## [What the exercise asks]
Copy every line that holds the string "enter" from the data below.

--- Data shown ---

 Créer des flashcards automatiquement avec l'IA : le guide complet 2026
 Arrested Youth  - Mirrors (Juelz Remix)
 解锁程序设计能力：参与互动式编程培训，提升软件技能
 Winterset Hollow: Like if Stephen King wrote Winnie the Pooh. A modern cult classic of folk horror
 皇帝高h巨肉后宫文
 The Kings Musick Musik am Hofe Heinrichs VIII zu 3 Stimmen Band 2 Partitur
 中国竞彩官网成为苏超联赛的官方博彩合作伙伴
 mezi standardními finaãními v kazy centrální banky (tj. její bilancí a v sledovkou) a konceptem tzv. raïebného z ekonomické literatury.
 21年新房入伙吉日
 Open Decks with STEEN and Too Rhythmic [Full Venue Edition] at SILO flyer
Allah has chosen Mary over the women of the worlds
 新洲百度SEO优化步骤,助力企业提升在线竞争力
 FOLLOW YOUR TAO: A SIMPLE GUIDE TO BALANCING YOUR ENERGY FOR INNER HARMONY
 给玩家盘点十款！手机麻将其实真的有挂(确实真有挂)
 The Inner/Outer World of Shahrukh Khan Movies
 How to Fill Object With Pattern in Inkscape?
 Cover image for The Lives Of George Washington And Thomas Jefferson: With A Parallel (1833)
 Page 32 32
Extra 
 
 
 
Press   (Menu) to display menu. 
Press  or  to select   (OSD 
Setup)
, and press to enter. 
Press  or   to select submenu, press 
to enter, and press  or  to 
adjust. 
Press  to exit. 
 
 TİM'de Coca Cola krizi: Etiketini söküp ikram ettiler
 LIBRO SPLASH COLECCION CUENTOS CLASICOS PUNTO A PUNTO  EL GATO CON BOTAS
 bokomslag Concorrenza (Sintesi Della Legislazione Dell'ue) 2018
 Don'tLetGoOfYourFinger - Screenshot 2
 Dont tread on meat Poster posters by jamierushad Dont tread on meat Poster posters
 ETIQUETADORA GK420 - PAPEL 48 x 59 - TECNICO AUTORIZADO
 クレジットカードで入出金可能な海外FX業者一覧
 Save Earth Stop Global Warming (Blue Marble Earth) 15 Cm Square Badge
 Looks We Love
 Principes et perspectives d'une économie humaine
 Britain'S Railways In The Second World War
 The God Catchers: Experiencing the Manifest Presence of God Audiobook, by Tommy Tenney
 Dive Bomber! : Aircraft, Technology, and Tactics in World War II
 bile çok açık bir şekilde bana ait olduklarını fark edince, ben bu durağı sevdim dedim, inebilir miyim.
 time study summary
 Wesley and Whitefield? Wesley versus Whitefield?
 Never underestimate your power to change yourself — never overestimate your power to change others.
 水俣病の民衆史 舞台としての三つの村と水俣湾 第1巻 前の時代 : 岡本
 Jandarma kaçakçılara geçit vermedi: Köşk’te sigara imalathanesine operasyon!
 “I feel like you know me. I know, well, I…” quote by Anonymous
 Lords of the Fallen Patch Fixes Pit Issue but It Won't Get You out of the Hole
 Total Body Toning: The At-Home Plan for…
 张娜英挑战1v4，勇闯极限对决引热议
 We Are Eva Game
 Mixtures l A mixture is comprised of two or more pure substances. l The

---

## [Answer to this task]
, and press to enter. 
to enter, and press  or  to 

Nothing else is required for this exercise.